Saturday, October 19, 2019

Smokefall—Defunkt Theatre—SE Portland



          “Past Saving”

    This dark chronicle, of a family history, is written by Noah Haidle and directed by Patrick Walsh.  It is playing at their space, 4319 SE Hawthorne Blvd. (in back of the Common Ground Coffee Shop) through November 16th.  (Parking is a challenge in this area, so plan your time accordingly.)  For more information, go to their site at www.defunkttheatre.com

    Relationships are never easy and family dynamics can be a bitch to handle.  But, from “womb to tomb,” you have no choice but to just deal with it.  This odd story, part dark fairy tale set in an alternate reality, and part romance (of sorts), gives us a glimpse into the psyche of one family over several years.  It has a lot in common with Tennessee Williams and his play, The Glass Menagerie as, in both stories, there is the father who “fell in love with long distance…trying to find in motion what was lost in space.”  And there is the shy or, in this case, mainly silent sister, and a narrator (Footnote) that has prior knowledge of the family and moves the story along, filling in the blanks as it goes, as well as some lovely poetic prose in the storytelling of both authors.

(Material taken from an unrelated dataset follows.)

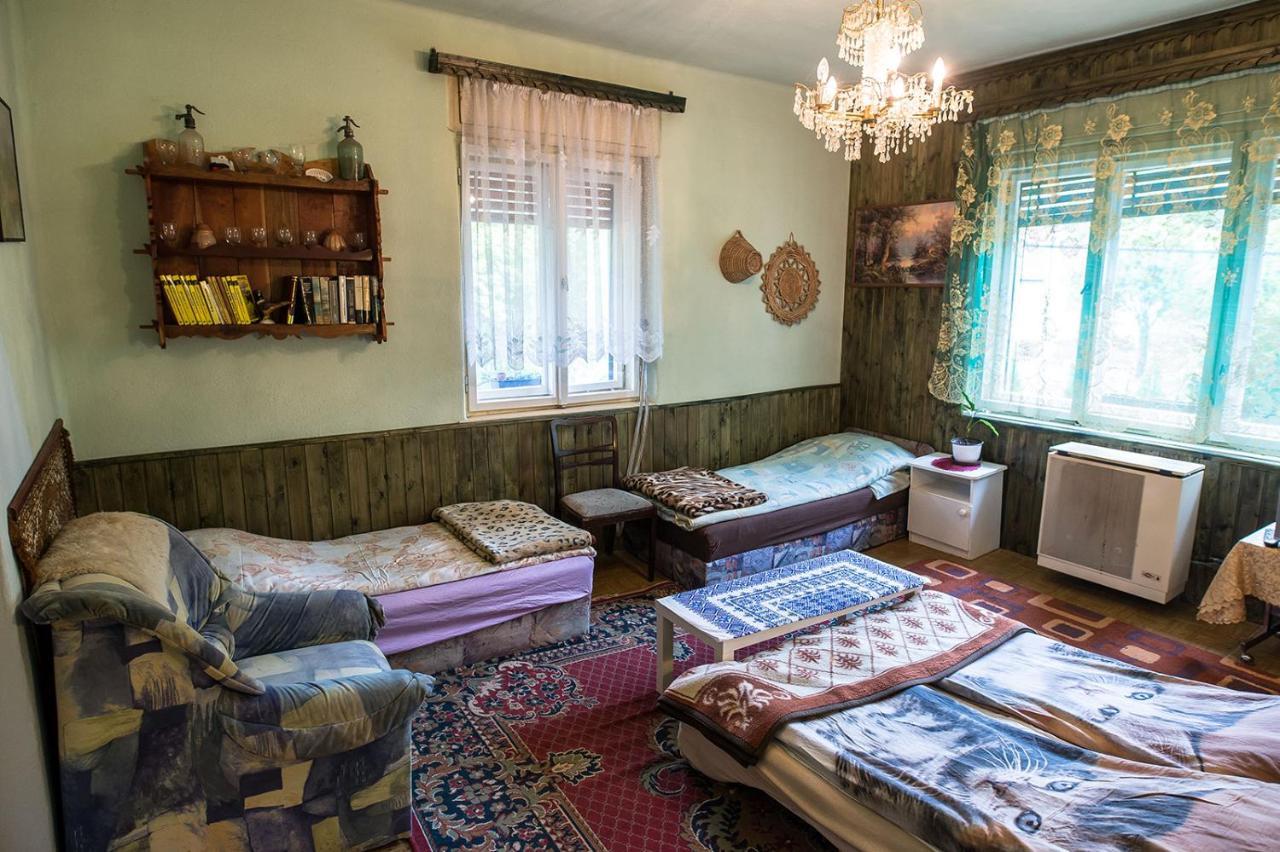 Garan Guesthouse Jósvafő Bagian luar foto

    The matriarch of the family is Violet (Brooke Calcagno), who is pregnant with twin boys as the story opens, with Footnote (Matthew Kern) giving us the lowdown on their history.  She lives in her father’s house, the Colonel (Chris Porter), who’s memory is failing him, and her daughter, Beauty (Jessica Hillenbrand), who chooses to eat paper, paint, dirt, etc., anything but food, and has chosen not to speak because she decided she simply had no more to say.  And, finally, there is Dan (Joe Von Appen), the husband, who will soon be a bleep in the family tree, due to his absence…this is the first Act.

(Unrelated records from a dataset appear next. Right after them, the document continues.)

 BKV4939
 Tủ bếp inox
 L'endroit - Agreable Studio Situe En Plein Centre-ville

    The second act is a wee more bizarre, as we get the perspective of the twins (Kern & Von Appen, again) in the womb, as they discuss the pros and cons of actually being born and facing an uncertain future.  The third act presents Beauty, now speaking, and eating normal food, connecting with one of the twins, John (Porter, again), her brother, on his birthday and meeting his son, Samuel (Kern, again).  Yes, a bit confusing but also very compelling and they do manage to tie up the ends together.  It is one family’s journey but there are elements within it that seem familiar to me, as it will, I’m sure, to others.

    The story grows on you, as does the style, and being an intimate setting, it feels even more personal.  Walsh has taken on what must have seemed like an impossible task at the beginning and molded it into quite an engaging piece of theatre.  And his cast pick is amazing, as I couldn’t image anyone else in these roles.  Porter is a stalwart of local theatre and is at his best here.  Von Appen does well, especially as the reluctant twin.  Calcagno has been too long absent from the stage and it’s good to see her back and just as strong.  Hilllenbrand is excellent as the young girl who blossoms before your eyes and becomes a determined woman.  And Kern, again, brandishes his acting chops and is powerful in more than one demanding role here.  Kudos to all!

    I recommend this play.  If you do choose to see it, please tell them Dennis sent you.